From a recent report by Social Security's Office of Inspector General (OIG):
... If a family member of a wage earner is eligible for OASDI [Old Age, Survivors and Disability Insurance] benefits and is not a U.S. citizen, he/she may need to meet a 5-year residency requirement. To fulfill the residency requirement, the beneficiary must establish a physical residence in the United States, while in a qualifying relationship with the wage earner, with the intent to reside for a cumulative period of at least 5 years. SSA uses the automated Regular Transcript Attainment and Selection Pass (RETAP) process to prompt benefit suspension for non-citizen beneficiaries who have not meet their 5-year residency requirement and have been outside the United States for longer than 6 consecutive months. ...

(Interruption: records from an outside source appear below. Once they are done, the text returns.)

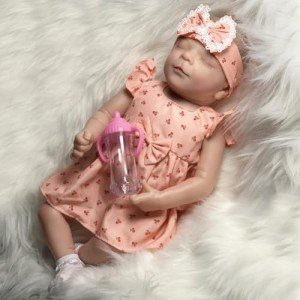 Realistic 17in Reborn Baby Doll - Cherry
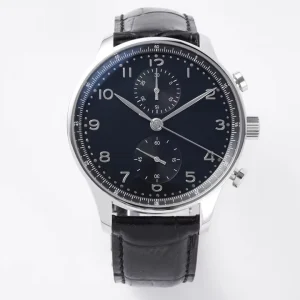 Fashion Minimalist Retro Style Stainless Steel Case Genuine Leather Strap Business Men’s Watch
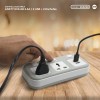 Zapatilla Eléctrica ANSTY EXK-08 2.4A / 2 USB + 2 Enchufes - (EU)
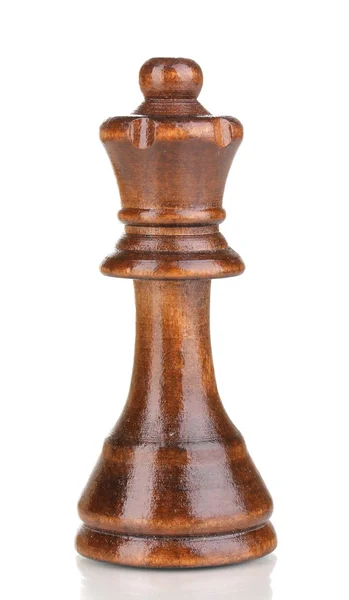 Schackpjäs isolerad på vit — Stockfoto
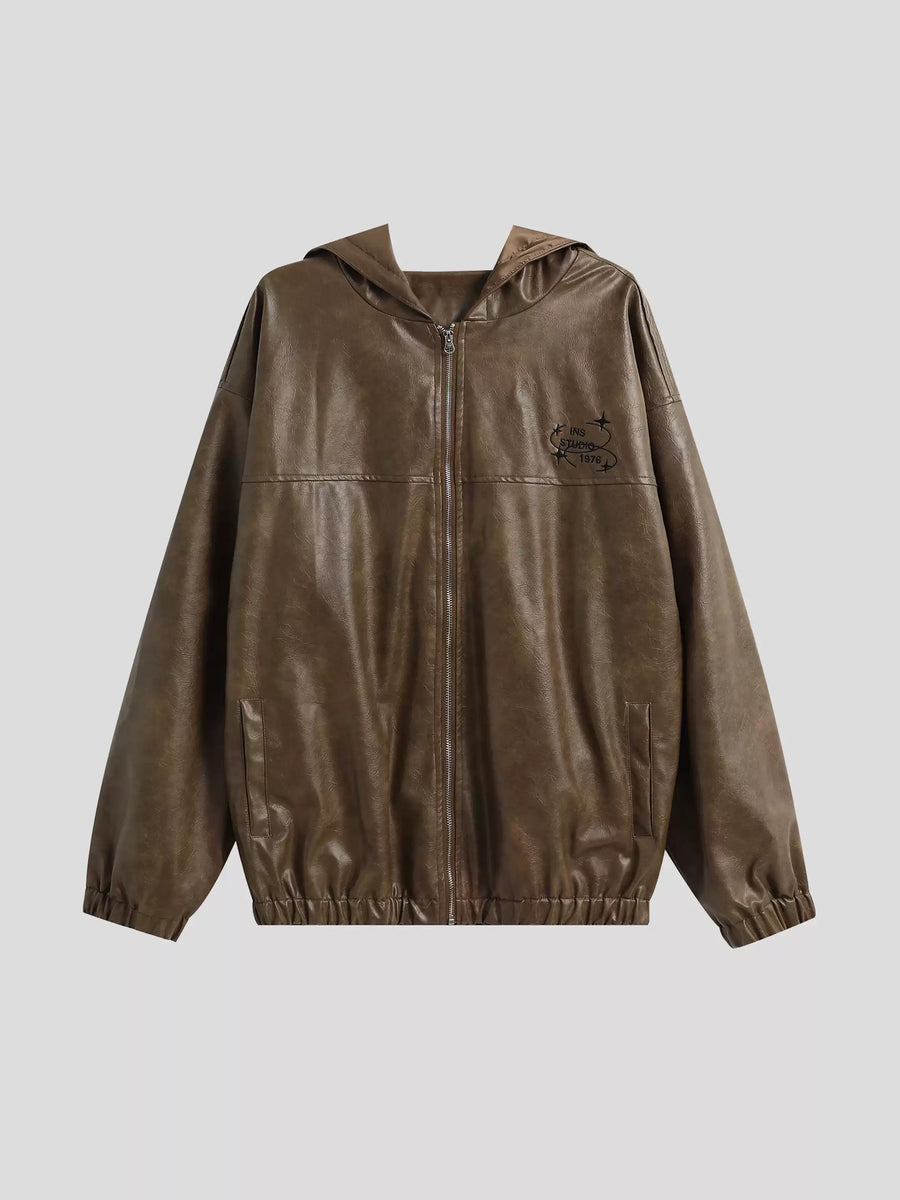 [INSstudios] PU LEATHER JACKET ST1204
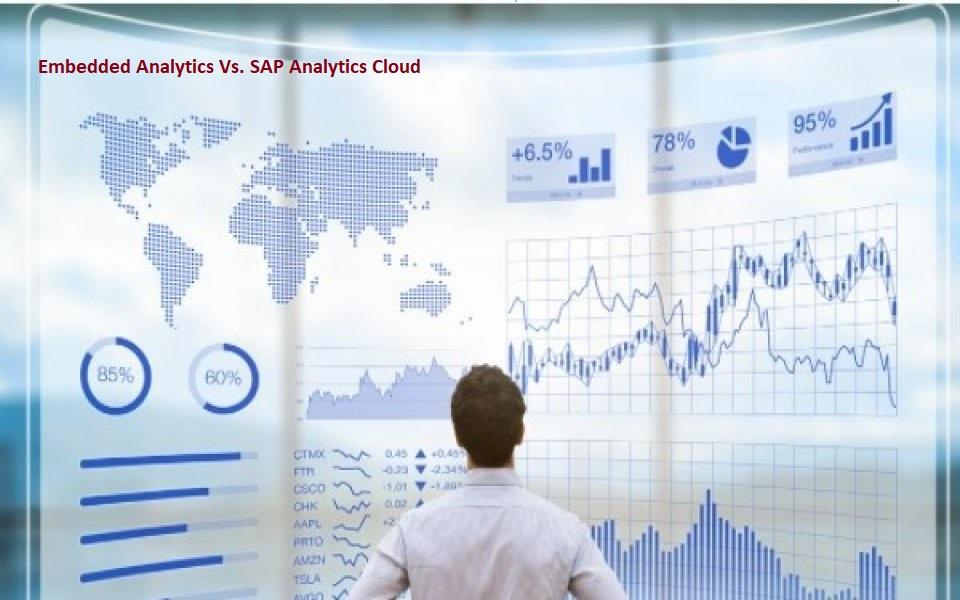 Embedded Analytics Vs. SAP Analytics Cloud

Of the 200 non-citizen beneficiaries we reviewed, SSA did not properly suspend benefits to 26 (13 percent). SSA should have suspended these beneficiaries because they had not met their 5-year residency requirement and lived outside the United States for longer than 6 consecutive months. Of the 26 beneficiaries, 23 met the criteria for the RETAP process to prompt benefit suspension. However, RETAP did not identify these beneficiaries for suspension. According to SSA, a RETAP programming limitation prevented these beneficiaries from being identified for benefit suspension. SSA employees omitted information from the remaining three beneficiaries’ Master Beneficiary Records required for RETAP to prompt benefit suspensions.
By not appropriately suspending benefits, SSA overpaid these 26 beneficiaries approximately $332,000. Accordingly, we project SSA overpaid nearly $29 million to approximately 2,300 non-citizen OASDI beneficiaries. ...Is RETAP a State Department database?